Information at a Glance

Category Transform
Data source type HD
Sends output to other operators Yes
Data processing tool MapReduce

The Pivot (HD) operator is for Hadoop data only. For database data, use the Pivot (DB) operator.

Algorithm

For typical data entry and storage, data usually appear in flat tables, meaning that it consists of only columns and rows. While such data can contain a lot of information, it can be difficult to get summarized information. A pivot table can help quickly summarize the flat data, giving it depth, and highlighting the desired information.

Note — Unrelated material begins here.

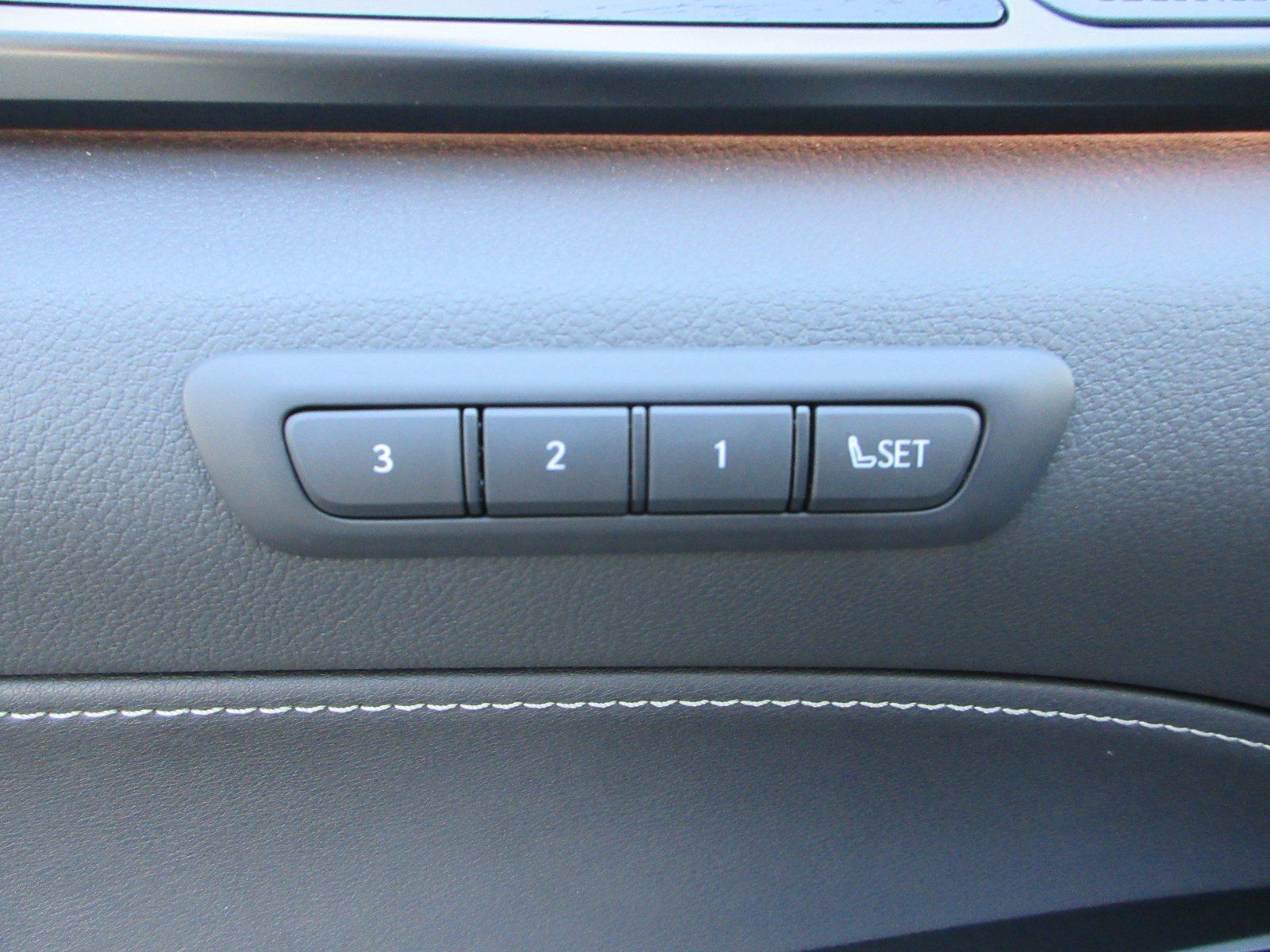 Used 2026 Lexus NX 450h+ AWD w/ Accessory Package (Z2) image 29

The usage of a pivot table is extremely broad and depends on the situation. The first question to ask is "What am I looking for?" A pivot table usually consists of row, column, and data (or fact) fields. These fields allow several kinds of aggregations including: sum, average, count, max, min, etc.

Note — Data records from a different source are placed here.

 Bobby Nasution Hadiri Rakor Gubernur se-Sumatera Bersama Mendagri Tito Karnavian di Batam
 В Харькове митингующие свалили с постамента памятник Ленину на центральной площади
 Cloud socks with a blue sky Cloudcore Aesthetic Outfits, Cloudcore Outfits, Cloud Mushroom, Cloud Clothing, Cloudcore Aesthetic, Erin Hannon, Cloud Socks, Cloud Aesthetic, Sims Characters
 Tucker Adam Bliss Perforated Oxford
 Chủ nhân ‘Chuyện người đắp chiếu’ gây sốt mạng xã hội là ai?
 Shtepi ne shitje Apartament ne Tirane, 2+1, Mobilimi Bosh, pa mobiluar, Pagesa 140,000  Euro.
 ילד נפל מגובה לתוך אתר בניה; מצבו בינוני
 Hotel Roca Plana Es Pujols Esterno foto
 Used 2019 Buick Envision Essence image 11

The Pivot Column is usually a categorical column, and in the output table it is transformed into multiple columns, one for each category.

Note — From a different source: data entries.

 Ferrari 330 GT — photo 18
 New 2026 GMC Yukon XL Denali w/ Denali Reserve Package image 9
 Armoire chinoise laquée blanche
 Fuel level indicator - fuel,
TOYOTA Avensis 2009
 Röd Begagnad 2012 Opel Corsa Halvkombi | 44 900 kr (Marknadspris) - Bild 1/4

  • The results are also grouped by a selected column.
  • The values in the new columns are aggregates of a third column (or of the presence of the category if no aggregate column is chosen).
  • The columns are listed (in the table, file, or array) in descending order of the value of the category they represent.
Note: This operator can only connect to subsequent operators in certain situations - see the Output section below for details.

Input

A data set from the preceding operator.

Configuration

Parameter Description
Notes Any notes or helpful information about this operator's parameter settings. When you enter content in the Notes field, a yellow asterisk is displayed on the operator.
Pivot Column The column for pivot transformation. You can choose any data type column. Limit: 1,500 distinct values.
Group By The column to group by.
Aggregate Column The pivot column's value column.
Aggregation The aggregate function. Options:
  • sum
  • average
  • count
  • max
  • min
Store Results? Specifies whether to store the results.
  • true - results are stored.
  • false - the data set is passed to the next operator without storing.
Results Location The HDFS directory where the results of the operator are stored. This is the main directory, the subdirectory of which is specified in Results Name. Click Choose File to open the Hadoop File Explorer Dialog Box and browse to the storage location. Do not edit the text directly.
Results Name The name of the file in which to store the results.
Overwrite Specifies whether to delete existing data at that path and file name.
  • Yes - if the path exists, delete that file and save the results.
  • No - Fail if the path already exists.
Storage Format Select the format in which to store the results. The storage format is determined by your type of operator.

Typical formats are Avro, CSV, TSV, or Parquet.

Compression Select the type of compression for the output.
Available Parquet compression options.
  • GZIP
  • Deflate
  • Snappy
  • no compression

Available Avro compression options.

  • Deflate
  • Snappy
  • no compression
Use Spark If Yes (the default), uses Spark to optimize calculation time.
Advanced Spark Settings Automatic Optimization
  • Yes specifies using the default Spark optimization settings.
  • No enables providing customized Spark optimization. Click Edit Settings to customize Spark optimization. See Advanced Settings Dialog Box for more information.

Output

Visual Output
If Use Array is true, pivoted values are stored in an array in one column.



The values in the array are arranged in descending order of the value of the category they represent.

If Use Array is false or if the operator is operating on a Hadoop dataset, pivoted values are each placed in their own column.



Data Output
If Use Array is true, no output is sent to the succeeding operator.